House prices are expected grow twice as fast in Yorkshire than in London over the next five years, according to a report.
Between 2018 and 2022, house prices across Britain are projected by real estate adviser Savills to grow by 14.2%.
Savills expects different pockets of Britain will see marked differences in house price growth over the period.
Its projections state a 17.6% increase in Yorkshire, which compares to about 7% in London.
The report said the North West region in particular has "a robust economic outlook and strong employment growth".
In London, house prices stand at about 12.9 times typical earnings.
"London's housing market has been pushing up against the limits of mortgage regulation and affordability for some time," said Lawrence Bowles, a research analyst at Savills.
"The Brexit vote was the tipping point that slowed price growth.
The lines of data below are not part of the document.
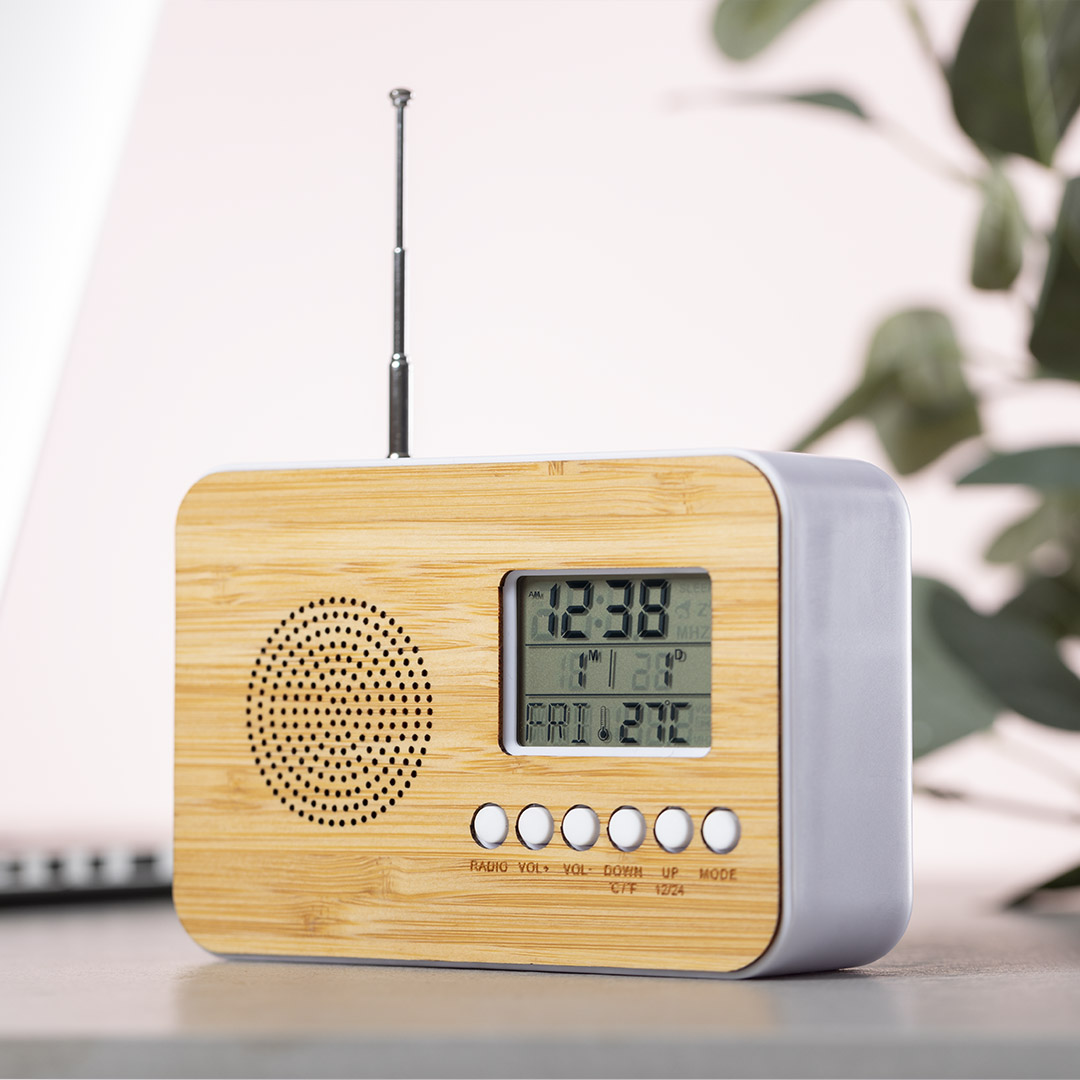 Miniature 4 pour Horloge Radio Liho - personnalisable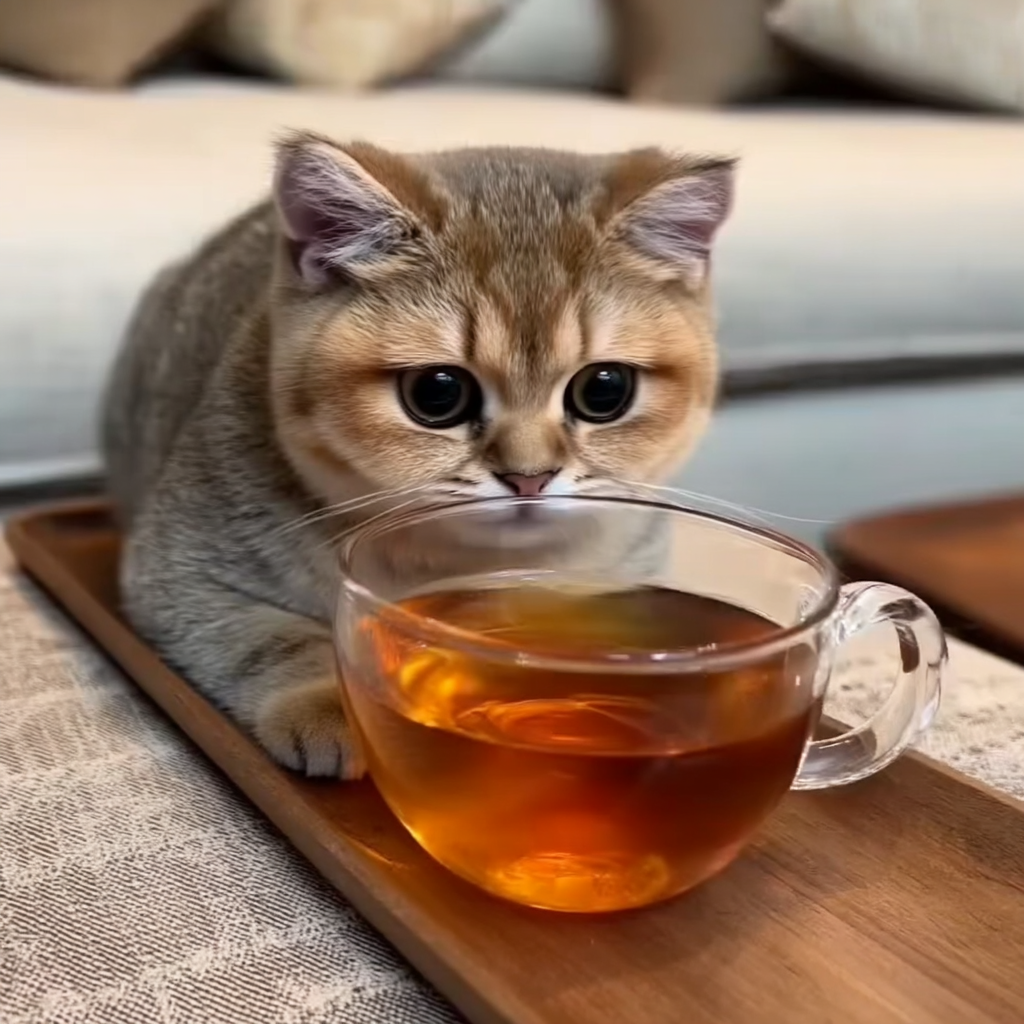 濃濃的茶香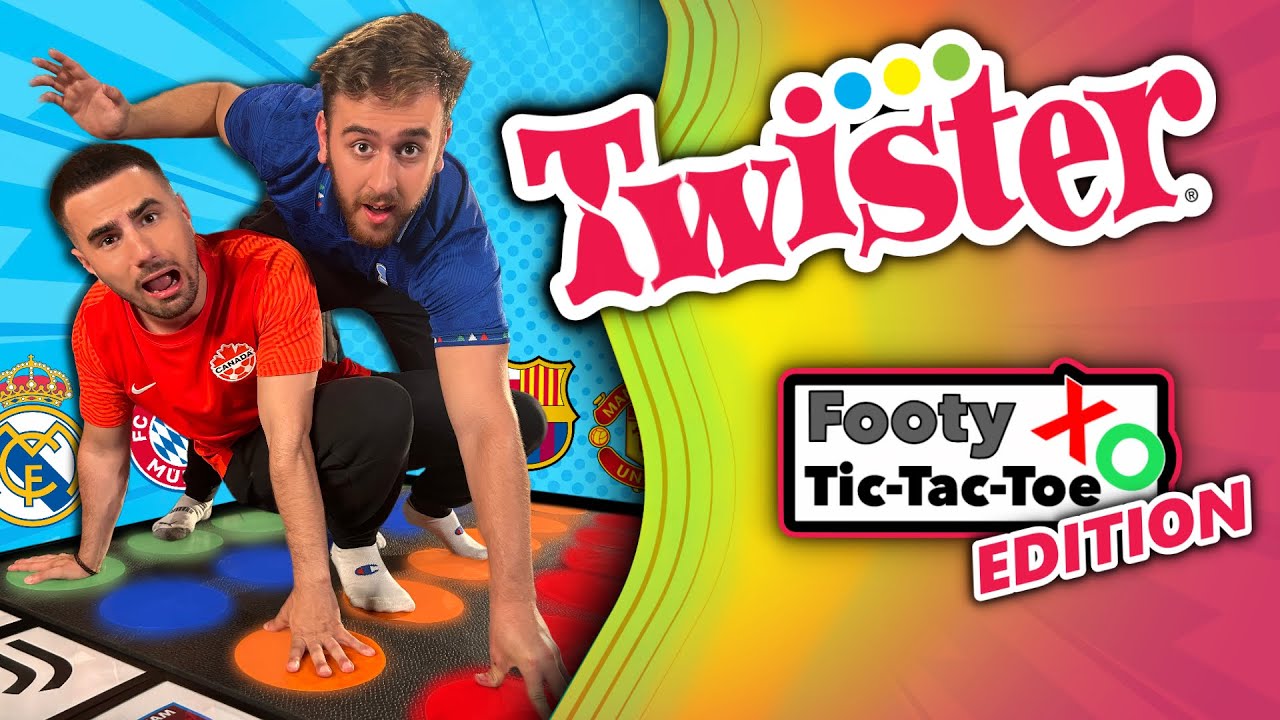 Footy Tic Tac Toe!! ⚽️❌⭕️⚽️ #footytictactoe #tictactoe #football #socc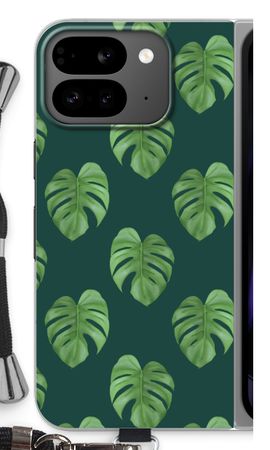 Monstera leaves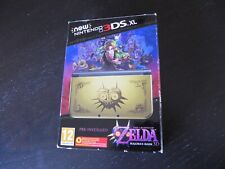 NEW NINTENDO 3DS XL THE LEGEND OF ZELDA MAJORA´S MASK VERSION EUROPEA comprar usado  Enviando para Brazil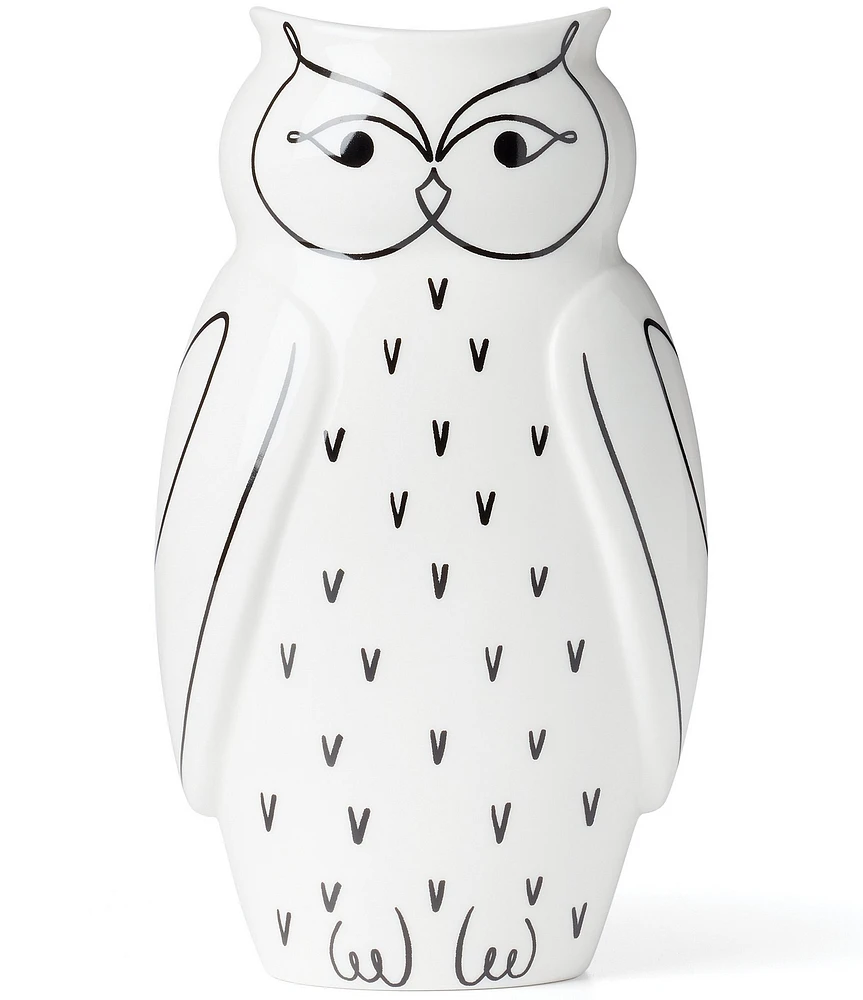 kate spade new york Wild Things Owl Vase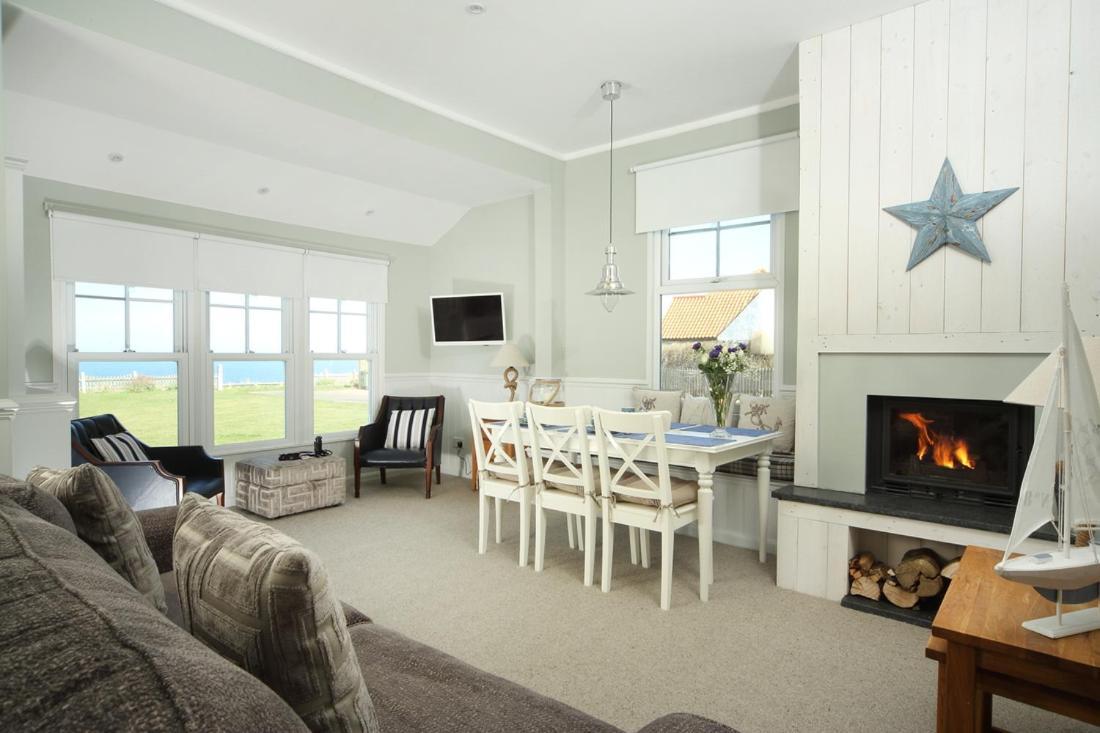 Point Cottages, Bamburgh Exteriér fotografie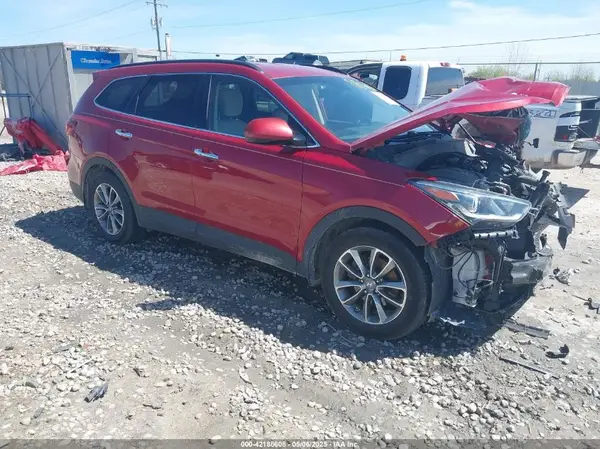 KM8SMDHF9HU251015 2017 HYUNDAI SANTA FE - Image 1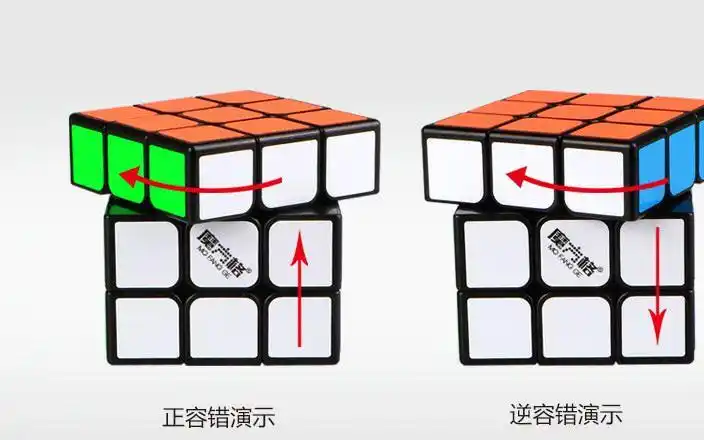 奇艺魔方格启航三阶奇异三阶魔方已调试润滑儿童益智塑胶玩具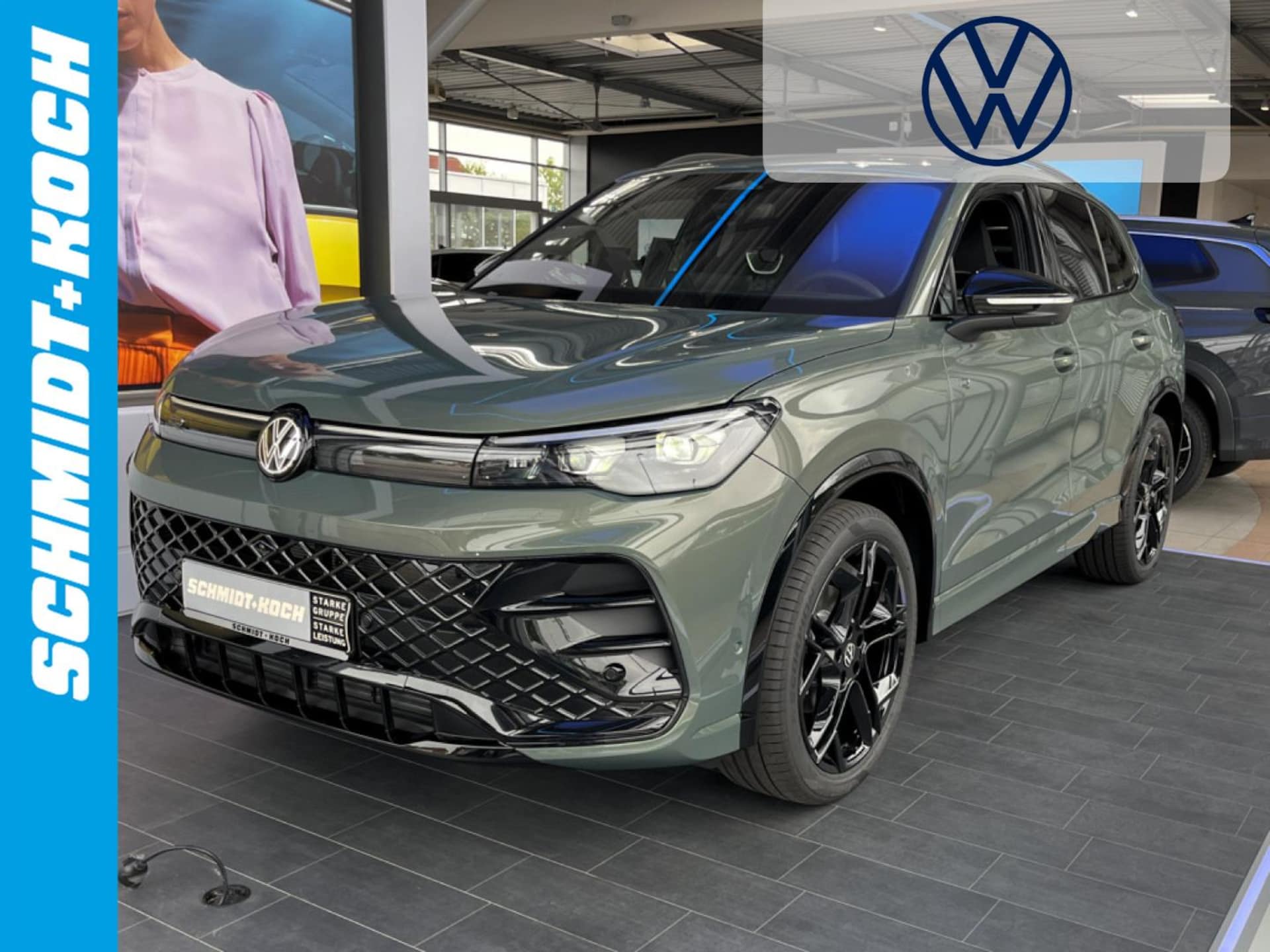 Volkswagen Tiguan R-Line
Weakened sentiment combined with expected interest rate rises now point to small, short-term price falls next year."
He said greater economic and political certainty should trigger a return to house price growth for London in 2020 but cautioned: "This will be capped by borrowing constraints as gradual increases in the cost of mortgage debt impinge on affordability."
Looking across the country generally, Savills said cash buyers, who account for about a third (34%) of all house purchases, have become more dominant and this trend is expected to continue "as others struggle to access the market".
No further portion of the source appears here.